Intel 16 drive X25-E SSD RAID sets new 2.23GB/s speed record

You might remember Samsung's 24 SSD RAID test-rig from back in March, which could hit peak sequential read speeds of 2.12GB/s and rip a DVD in under a second.  The guys over at Tom's Hardware, however, decided they could do better, and so armed with sixteen Intel X25-E SSDs and two Adaptec 5805 PCI Express RAID cards they created a huge rival RAID that managed to surpass Samsung's.

In fact, they saw throughput figures of 2.23GB/s – that's 2.23 gigabytes of data every second – using two hardware RAID-0 arrays linked up using Windows' own software RAID functionality.  Running all the drives from a single Adaptec card with more than the eight ports on offer with the 5805 was another option, but then they worried they might run into PCI Express bandwidth limitations.

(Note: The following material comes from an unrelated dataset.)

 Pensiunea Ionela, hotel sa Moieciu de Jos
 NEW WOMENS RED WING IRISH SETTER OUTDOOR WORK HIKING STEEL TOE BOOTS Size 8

Best of all, they didn't have to put together some barnstormer of a PC to host all this; in fact they used their standard test rig.  That doesn't equate to a cheap option, though; given the Adaptec cards retail from around $520, and the X25-E 64GB SSDs from $669 apiece, you're looking at just short of $12,000-worth of hardware before you get to such mundane matters as CPU, RAM and motherboard.